### YOUR OBJECTIVE
Each line in the material below, starting at the one with "lot 4 image: wall dcor" and ending at the one with "3755 SW 153 Ct", is to be reproduced exactly; no picture is to be copied.

INFORMATION SUPPLIED section start

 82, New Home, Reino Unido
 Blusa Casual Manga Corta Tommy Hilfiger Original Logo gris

INFORMATION SUPPLIED section end
INFORMATION SUPPLIED section start

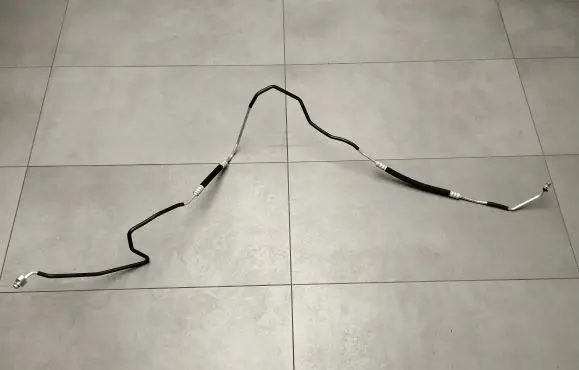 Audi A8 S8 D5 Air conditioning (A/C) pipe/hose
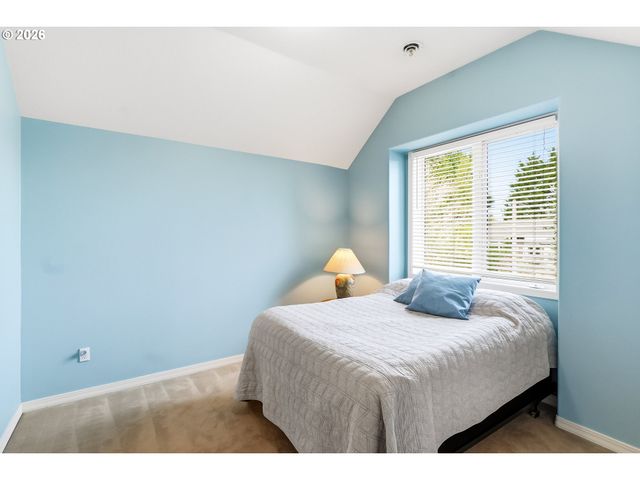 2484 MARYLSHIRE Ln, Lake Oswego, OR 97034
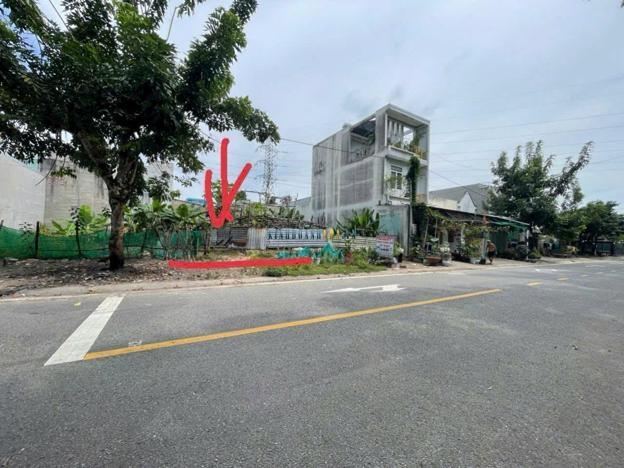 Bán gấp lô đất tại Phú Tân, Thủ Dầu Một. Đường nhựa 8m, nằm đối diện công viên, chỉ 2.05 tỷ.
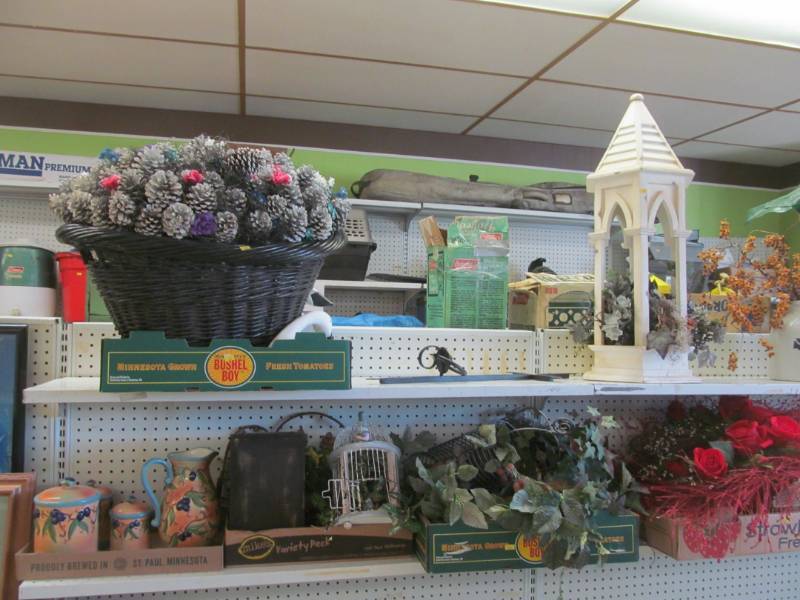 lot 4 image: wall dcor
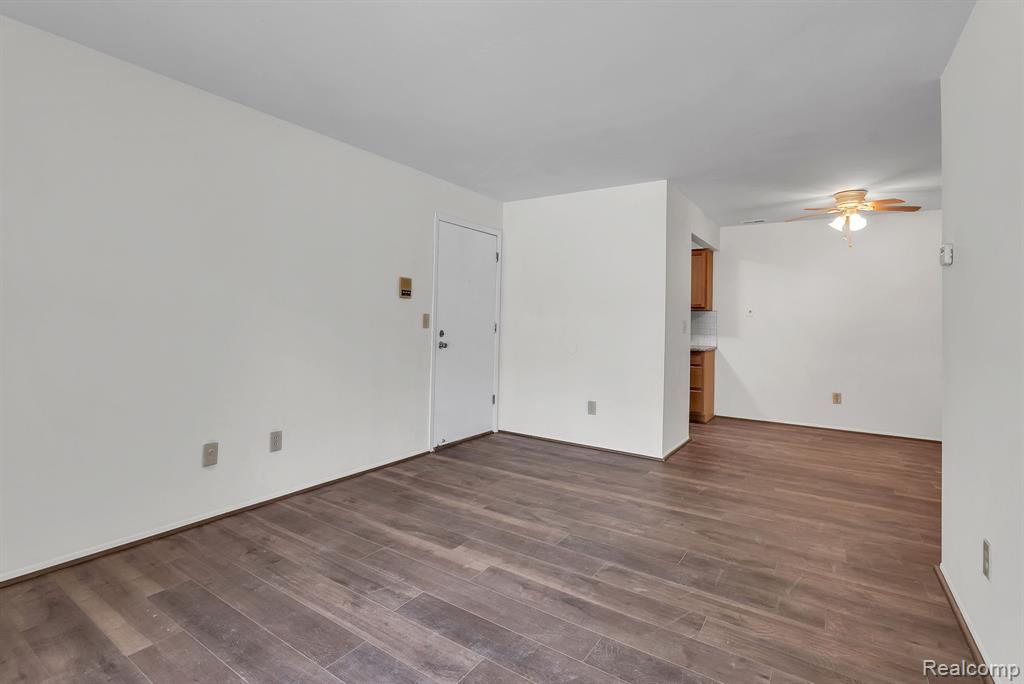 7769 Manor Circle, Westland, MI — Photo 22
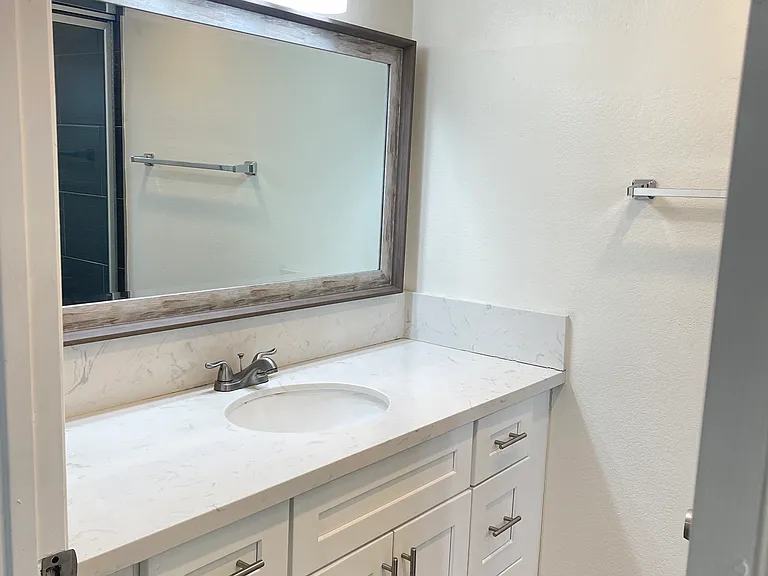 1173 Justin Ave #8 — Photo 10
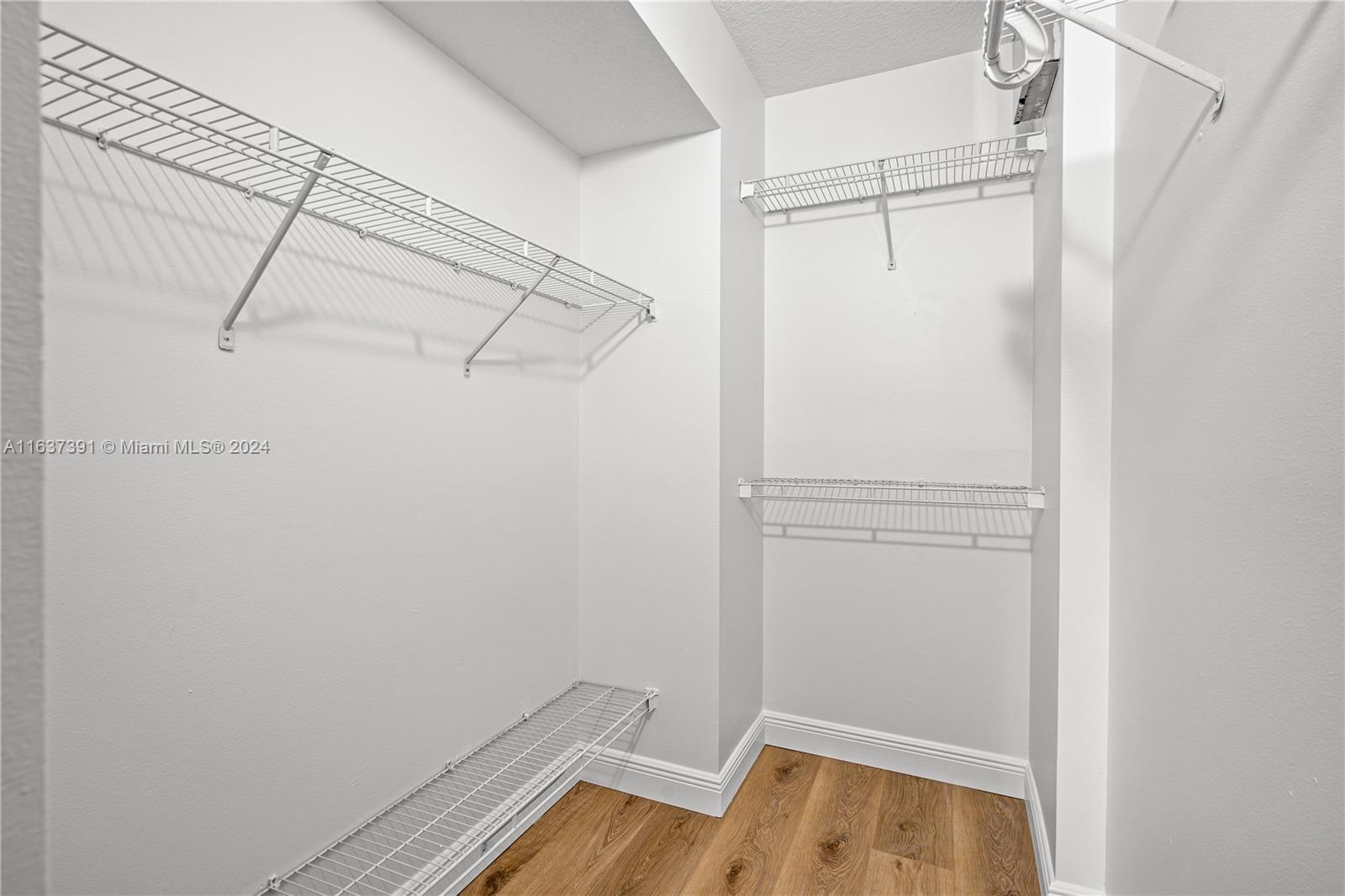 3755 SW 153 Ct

INFORMATION SUPPLIED section end

### TASK SOLUTION
 lot 4 image: wall dcor
 7769 Manor Circle, Westland, MI — Photo 22
 1173 Justin Ave #8 — Photo 10
 3755 SW 153 Ct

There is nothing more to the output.